Review by Roger Ebert
http://rogerebert.suntimes.com/apps/pbcs.dll/article?AID=/20080529/REVIEWS/805290301/1023
And some background by Ebert, including the nice quote: “The agencies that made commercials gave me very good money and I didn’t complain about it. I put it aside like a little squirrel and at the end I ended up with a project that I wanted to do very badly and threw it all away, so now I’m penniless but as happy as a pig in poo.” http://rogerebert.suntimes.com/apps/pbcs.dll/article?AID=/20080603/PEOPLE/868926055

I don’t know Joy Division, I don’t know Ian Curtis. I hence cannot assess how meaningful these stages in the life of a young man and a young band are for the history of rock and indy music. It is hard to judge what phase of a band’s career this film shows – or rather, what heights the influence of the band had reached at the time of its termination. The young musician at centre stage who got himself into a marriage and fatherhood finds that he lacks skills for both roles. And both roles keep him from doing the only thing he does with passion, music. His wife is depicted as an actual roadblock to his artistic ambitions, maybe not so much because she is a little bit boring and accepts too quickly the role as mother and housekeeper, but probably because her husband sees her as such and early on gives her the impression that he feels embarrassed when she is around backstage or at the recording sessions.
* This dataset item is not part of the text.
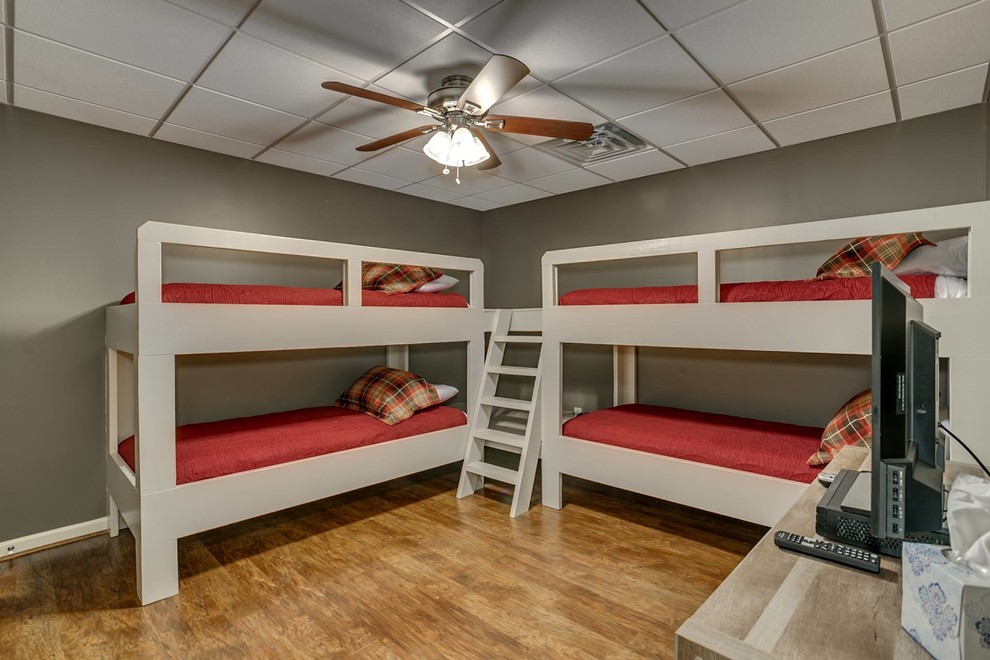 Cette photo montre une grande chambre d'enfant de 4 à 10 ans montagne avec un mur gris, un sol en bois brun et un sol marron.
The whole film looks grimy and bleak, the Manchester images that we are used to from the 70s and 80s, where everyday life is borderline depressing, and where even dinner at the family table looks and feels and sounds stuffy and dusty and thoroughly unpleasant. The black and white imagery adds to this, as does the music that the band with its slightly lucid singer with the creepy voice performs. This is a time when you put on an Iggy Pop record to calm down, and when chilling with your friends means having some beer and a lot of cigarettes on the sofa (sometimes wearing mascara), but not necessarily talking to them.
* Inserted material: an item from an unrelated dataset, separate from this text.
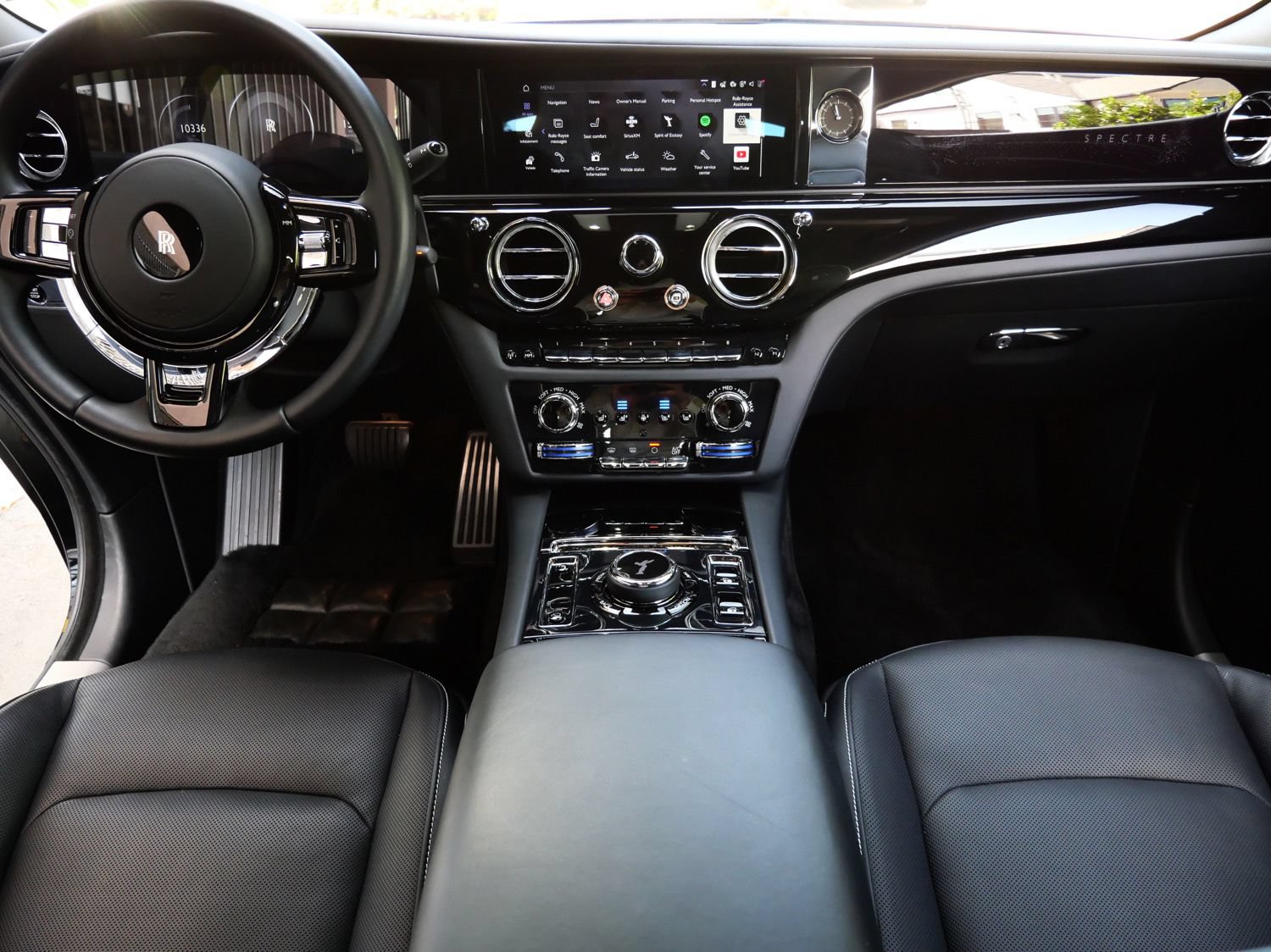 Certified 2025 Rolls-Royce Spectre w/ Spectre Launch Package AWD/4WD image 4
I wanted to see the film for years, and was reminded now by the new movie by director Anton Corbijn (http://en.wikipedia.org/wiki/Anton_Corbijn), who had to explain how it came about that George Clooney apparently became aware of Control before signing on to the American with this director. He is a master of images and he can create an atmosphere. The sample of two tells me he seems to like characters that are or want to be dreamers, want to wonder what all this nonsense they got themselves into is all about. They are very different characters, of course, and chose different paths of action to get out of what they feel to be a mess. But the American and the Manchesterian both are cut from the same wood, the loners with a talent.